経営者訪問 西濃印刷株式会社 河野俊昭 氏
訪問先 / 西濃印刷株式会社
代 表 / 代表取締役社長 河野 俊昭 氏
今回の訪問先は京町支部に在ります、西濃印刷株式会社 代表取締役社長 河野 俊昭氏にお話をお伺いしました。
川島:西濃印刷株式会社様は、今年で創業115年ということですが、社長様で何代目になられるのですか?
河野社長:社に残っている文献を調べますと私で9代目になります。
我が社は明治30年(1897)に大垣で設立されたわけですが、最初から株式会社として設立されました。これは当時かなりめずらしいことです。当然世襲制ではありません。ですから1、2年で交代した方もいるみたいですね。
設立時の資料もあるのですが、古い資料はあまり残っておりません。設立許可書には当時の農商務大臣である、大隈重信公の署名があります。戦時中はこれだけでも守って逃げていたのでしょうね。
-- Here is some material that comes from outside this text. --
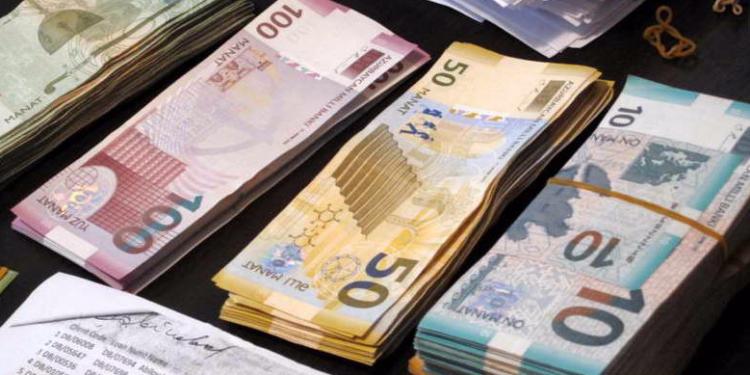 Banklar ehtiyat üçün 310 milyon manat ayırıblar | FED.az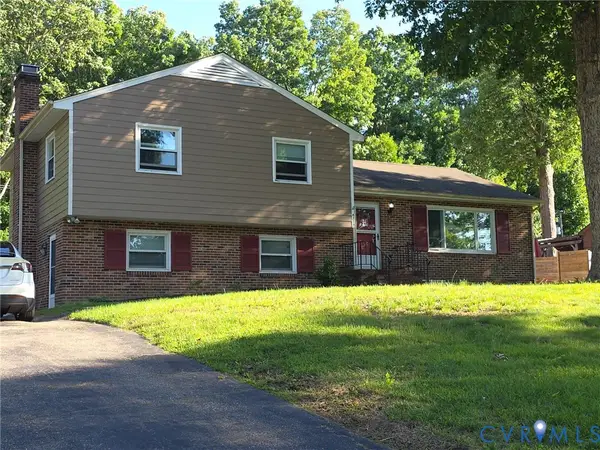 4311 Inca Drive, Ampthill, VA 23237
大切な資料です。
川島:河野社長様は1974年に西濃印刷に入社され、1987年に専務取締役に就任、そして1990年より現職の代表取締役社長に就任されて、約20年務められているわけですが、この印刷業界の20年の移り変わりはどう感じておられますでしょうか?
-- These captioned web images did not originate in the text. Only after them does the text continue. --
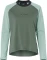 Vaude Loamer Mountainbike Funktionsshirt langarm agave (Damen) Vorschaubild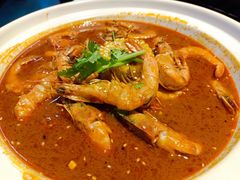 -清真·金鑫隆牛羊肉(环山路店)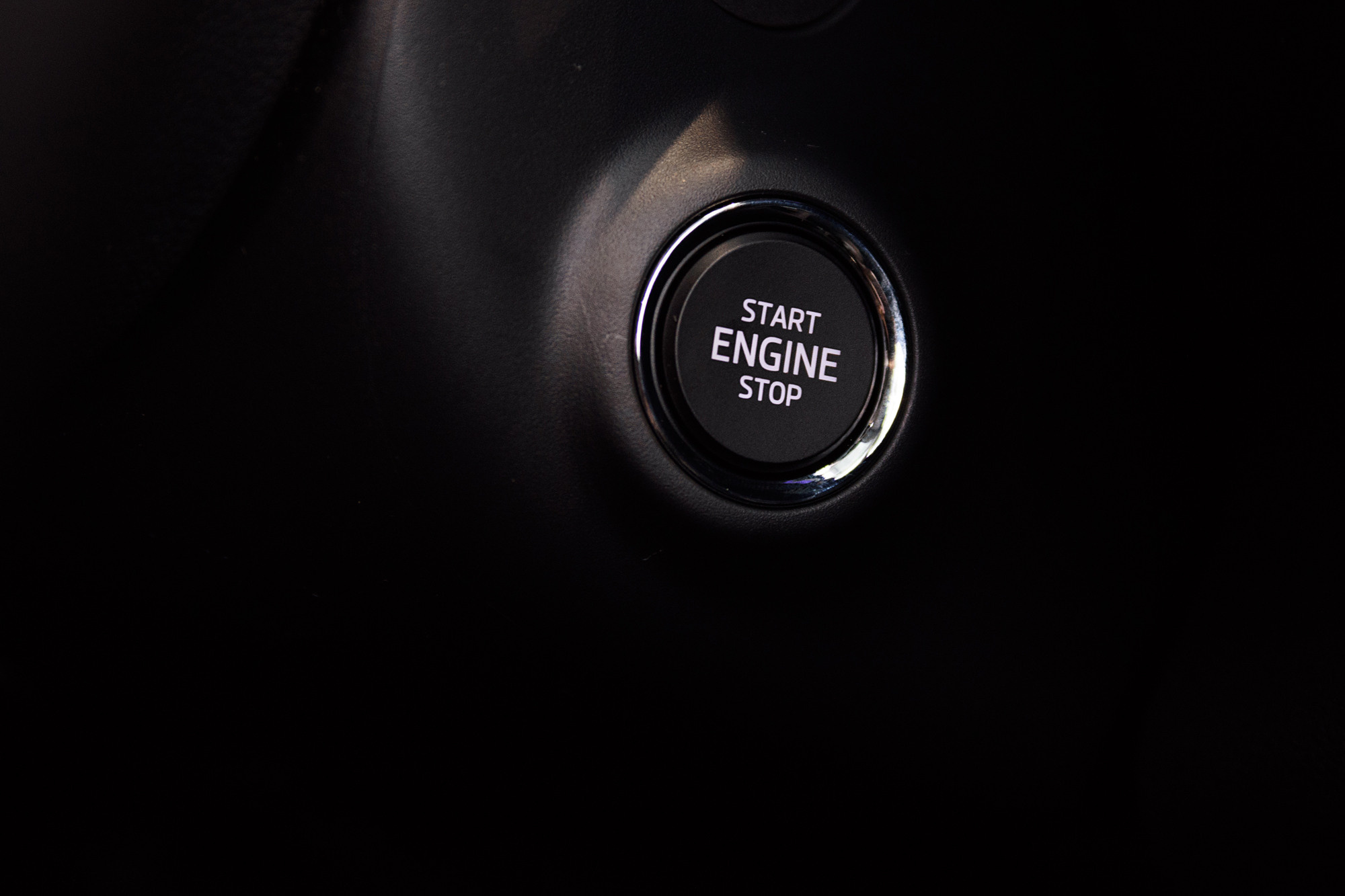 Презентация обновлённой SKODA KOROQ. Evgeniy Roslov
河野社長:ハードの面から申しますと、昭和40年頃から活版印刷から写植(オフセット印刷)、電算写植、DTP(パソコン入力)へと変わってきております。
中部未来博の時代には業界として、将来のマーケット規模の予想を15兆円産業と予測しておりましたが、現在、実際のところは約7兆円と大きく予想を下回っております。
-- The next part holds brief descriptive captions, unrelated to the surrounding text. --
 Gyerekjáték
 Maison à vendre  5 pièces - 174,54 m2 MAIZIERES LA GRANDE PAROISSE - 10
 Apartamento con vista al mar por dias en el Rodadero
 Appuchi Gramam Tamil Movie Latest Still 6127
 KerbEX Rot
印刷業界も他業界と同じように苦戦していますが、経済的負担の一つの原因に、かつて大量に導入されたオフセット輪転機があります。大量生産に対応すべく、当時各社がオフセット輪転機を導入していきましたが、これは非常に大きな輪転機を使い大量に印刷しますので現在の多品種小ロットには対応が難しく、倒産していったところも多いのです。ですので、現在は時代のニーズに合う多品種小ロットの印刷技術に移行しております。
ハードだけを追いかけると行き詰まってしまう、やはりソフトをどうするかが重要になってきています。特に現代はデジタル化が進み、それ故一層作り手の感性が問われるようになってきていると思います。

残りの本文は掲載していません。